El sujeto deambuló por iglesias, asociaciones, partidos y cofradías varias, sin cantar en ningún coro, pues le parece que su prurito de libertad desafina con lo gregario. Tal vez viejo, cayó en la cuenta, en el convencimiento, en la certeza de que su caminar se inclinaba al escepticismo, definido por Pirrón de El y otros maestros de aquella lúcida casa que abomina de la genuflexión, como:
El esfuerzo honesto por conseguir un criterio para saber la verdad, pese a que ningún argumento resulta claramente definitivo para desvelar las apariencias, por tanto lo más acertado es suspender el juicio; a partir de esta decisión, uno consigue liberarse de la inquietud. Esto da paso a una nueva forma de ver el mundo, de relacionarse con la realidad y romper así toda atadura dogmática.

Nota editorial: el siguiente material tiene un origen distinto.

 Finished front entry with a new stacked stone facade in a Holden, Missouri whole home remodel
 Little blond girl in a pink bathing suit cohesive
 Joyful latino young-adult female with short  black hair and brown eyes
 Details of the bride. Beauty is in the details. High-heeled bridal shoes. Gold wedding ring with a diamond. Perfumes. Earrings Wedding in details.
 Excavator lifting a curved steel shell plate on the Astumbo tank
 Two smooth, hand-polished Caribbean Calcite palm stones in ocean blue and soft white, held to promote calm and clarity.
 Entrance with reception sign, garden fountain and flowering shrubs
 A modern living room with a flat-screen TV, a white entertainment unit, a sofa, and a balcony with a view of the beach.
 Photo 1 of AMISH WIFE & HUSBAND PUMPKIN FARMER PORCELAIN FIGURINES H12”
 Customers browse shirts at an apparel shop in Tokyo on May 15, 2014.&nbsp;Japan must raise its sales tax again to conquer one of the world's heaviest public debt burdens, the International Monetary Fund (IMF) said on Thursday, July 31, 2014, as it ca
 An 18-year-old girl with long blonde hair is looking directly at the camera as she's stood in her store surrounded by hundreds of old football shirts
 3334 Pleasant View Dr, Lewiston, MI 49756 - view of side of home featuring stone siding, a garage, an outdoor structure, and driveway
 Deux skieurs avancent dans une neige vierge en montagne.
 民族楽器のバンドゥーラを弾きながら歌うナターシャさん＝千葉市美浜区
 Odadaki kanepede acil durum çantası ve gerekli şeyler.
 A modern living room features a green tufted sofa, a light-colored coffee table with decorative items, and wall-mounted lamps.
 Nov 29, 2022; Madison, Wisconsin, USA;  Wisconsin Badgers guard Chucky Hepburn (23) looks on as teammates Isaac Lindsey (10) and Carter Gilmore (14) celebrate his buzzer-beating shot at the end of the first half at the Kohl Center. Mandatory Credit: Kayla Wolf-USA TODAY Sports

Lo que no significa abandonarse a la pasividad –concluye para sí el sujeto-, haciendo un examen de conciencia, con cierta dosis de misericordia… Por el contrario, la permanente mirada crítica sobre el mundo es la actitud vital del escéptico, que busca alcanzar la ataraxia, o imperturbabilidad del ánimo, ideal y logro nada fáciles –inasibles, tal vez-, pero que ofrecen la posibilidad de un estadio intermedio, esto es, el desarrollo del auténtico sentido del humor, frente a sí mismo y ante los otros. Humor y misericordia. Es suficiente.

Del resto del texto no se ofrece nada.